Vlak voor Warre Borgmans voor de laatste keer het woord van een personage uit het boek nam, kondigde Jelle Van Riet aan dat zoon Hans binnenkort zal debuteren. ‘Roosevelt’ lijkt voor haar in dat licht een gebrek aan vaderliefde te impliceren: vader toont zoonlief nog even hoe het moet. Kijk eens wat papa kan en hoe goed hij dat kan. Gie Bogaert lachte die uitspraak bescheiden weg. Hij vertelt glunderend over zijn debuterende zoon.

“Hans en ik helpen elkaar bij het schrijven. Wij zijn elkaars eerste lezer. In die zin leren we van elkaar. Hij leert uit de opmerkingen van een oudere lezer en ik leer van de opmerkingen van een jonge lezer. Het is een vruchtbare samenwerking. Toch willen we als auteur niet met elkaar geassocieerd worden. Elk boek moet zijn eigen weg naar de buitenwereld vinden. Het is knap dat mijn zoon op relatief jonge leeftijd een eigen stijl gevonden heeft. Hij legt de lat hoog met zijn jonge, wervende stijl. Zijn boek is niet gemakkelijk. Het is bedoeld voor een publiek dat literaire eisen stelt. Hij brengt het er met verve van af en hoop dat ook het grote publiek dat zal vinden. Zijn redacteuren en uitgeverij De Bezige Bij zijn alvast enthousiast.”

Volgende boek

Gie Bogaert, die net als zijn zoon op 28-jarige leeftijd debuteerde, voelt dat er nog een boek, misschien zelfs meerdere aan zitten te komen. Maar alles op zijn tijd.

“Wanneer de tijd rijp is, begin ik aan een nieuw boek. Nu wacht ik eerst af hoe het Roosevelt zal vergaan. Ik hou me niet bezig met de verkoopcijfers. Een boek moet zijn tijd hebben, het moet kunnen leven en besproken kunnen worden.”

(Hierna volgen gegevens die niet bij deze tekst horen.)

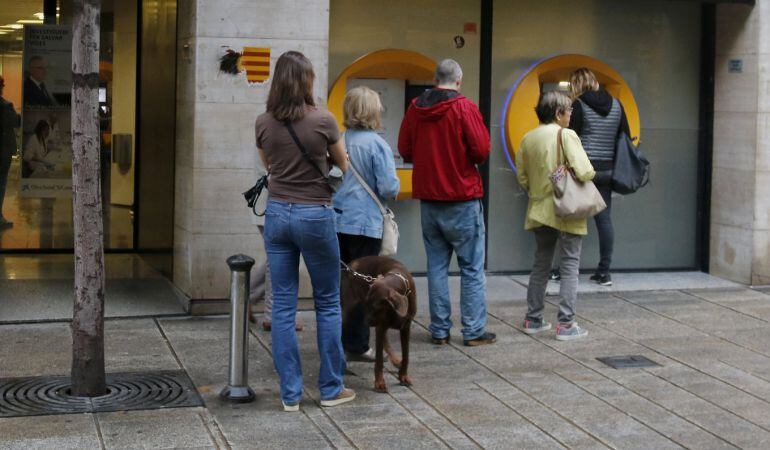 Cues als caixers de CaixaBank per a la retirada d'efectiu, al centre de Mataró, el 20 d'octubre de 2017. (horitzontal)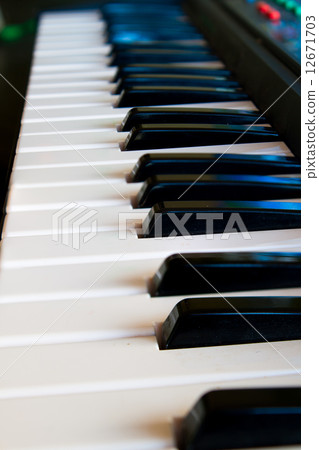 the black and white keys of a piano 12671703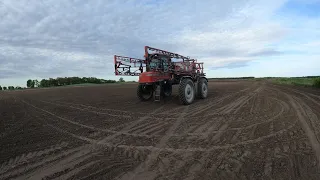 Spraying pre emerge chemical on corn.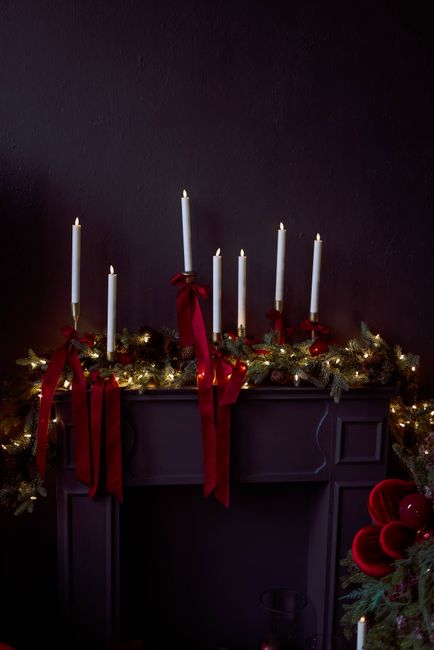 Festive Christmas mantel decor with candles, garland, and red ribbons, creating a warm holiday ambiance.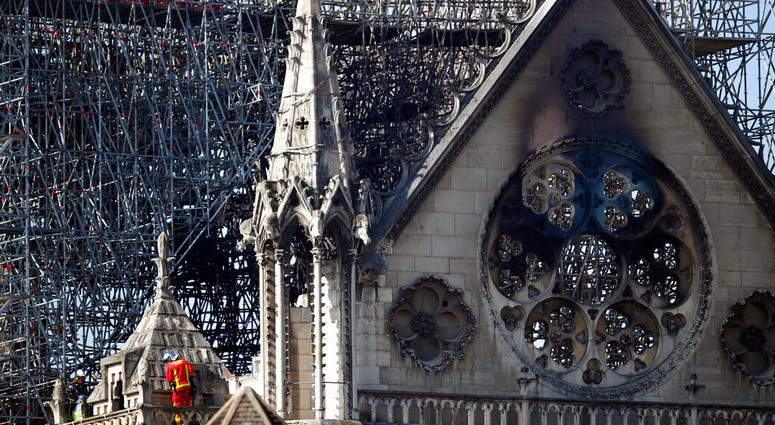 A fire fighter makes his way on a balcony of Notre Dame cathedral Wednesday, April 17, 2019 in Paris. French President Emmanuel Macron ratcheted up the pressure by setting a five-year deadline to restore the 12th-century landmark. (AP Photo/Francois Mori)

“Je moet je als schrijver ook realiseren dat er niemand op je volgende roman zit te wachten (lacht). Ik zie me niet alleen als schrijver, maar ook als leraar. Ik ben blij dat ik nooit voor het voltijdse schrijverschap heb gekozen. Naar dat evenwicht heb ik toch een tijdje moeten zoeken, maar na al die jaren heb ik toch gevonden hoe ik het lesgeven met het schrijven kan combineren (Gie Bogaert is leerkracht Nederlands op het Sint-Gabriëlcollege in Boechout en geeft les op de SchrijversAcademie in Antwerpen, tvl).”

‘Roosevelt’ ligt in de boekhandel. Het boek Echo van Hans Bogaert verschijnt eind augustus.